Commercial Property Assessed Clean Energy (C-PACE) financing has evolved from an alternative funding source into a cornerstone of the institutional capital stack. Driven by market disruptions and growing investor appetite for the asset class, C-PACE origination volume has grown fivefold since 2020, according to C-PACE Alliance.
While the first C-PACE financing emerged in 2009, adoption accelerated as commercial real estate faced a series of shocks—from COVID-19 to rising interest rates in 2022 to tariff impacts and slowdown in new equity investment.
"Each time, C-PACE has been able to provide patient capital and help stabilize the commercial real estate market," says Alexandra Cooley, CEO and chief investment officer of Nuveen Green Capital. The resiliency of the investment performance has drawn particular interest from institutional investors.
From Sustainability Tool to Core Capital Source
C-PACE is a state-administered financing program that began as a way to fund clean-energy and efficiency upgrades, such as HVAC systems or rooftop solar. Operating in more than 30 states and the District of Columbia, it is a public-private partnership that leverages private capital for sustainability-related improvements and new construction.
Its scope has grown as well, according to Cooley. C-PACE has gone from single-asset retrofits to major construction and recapitalization projects, such as Nuveen’s record-breaking $290 million Pendry Hotel & Residences in Tampa. Today, it’s being layered into large developments and used to fill funding gaps with tighter bank lending and a sluggish CMBS market.
“CRE owners and sponsors are discovering how flexible this financing can be,” Cooley says. She notes that Nuveen Green Capital’s average transaction size is now nearly $25 million, more than double from just two years ago, offering solutions for a diverse range of capital needs.
Interest Coming from Institutional Investors
Institutional investor interest, particularly from insurance companies, has matched originations growth. Investors are drawn to the asset’s long-duration, investment-grade cash flows, backed by property assessments that have a strong security profile.
"As an investor, if you're willing to trade off a bit of liquidity, you can get a more attractive risk-adjusted yield," Cooley says. To date, Nuveen Green Capital is experiencing its most active fundraising period with nearly $1.5 billion in new commitments in 2025, reflecting how quickly C-PACE has become a mainstream financing tool for commercial real estate.
Structural Advantages
C-PACE occupies a unique position on the capital stack, Cooley explains. The assessment lien is attached to the property, not the borrower, and does not accelerate in foreclosure. It can be transferred with a sale, providing stability for long-term owners and flexibility for developers.

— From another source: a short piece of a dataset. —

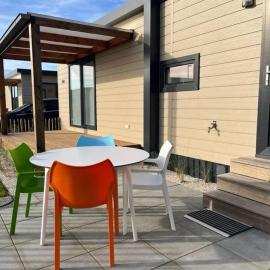 Moderne chalet met airco in Blankenberge, hotel di Blankenberge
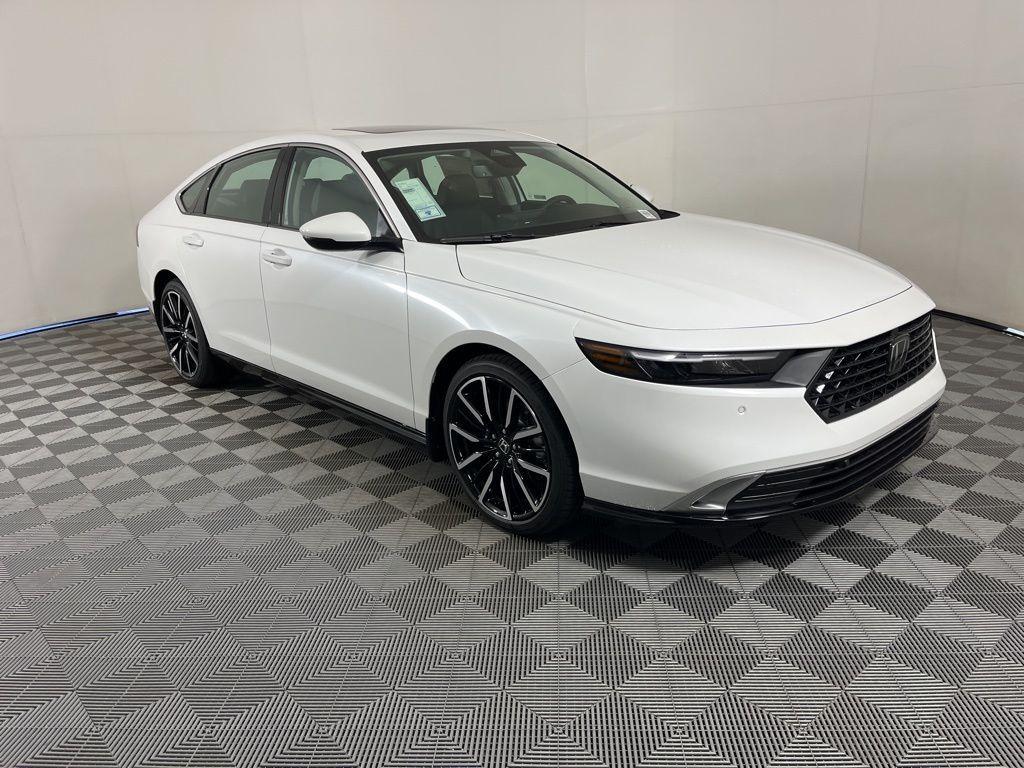 new 2025 Honda Accord Hybrid car, priced at $40,950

For construction projects, C-PACE can sit alongside senior debt or mezzanine financing to lower the overall blended cost of capital. Borrowers can also use it post-completion to recapitalize projects that need additional time or funding to stabilize, helping replace higher-cost bridge or mezzanine loans.
“From the borrowers’ perspective, it’s patient, predictable capital that can be layered in creatively,” Cooley says. “That makes it especially useful in a market where traditional credit is tight.”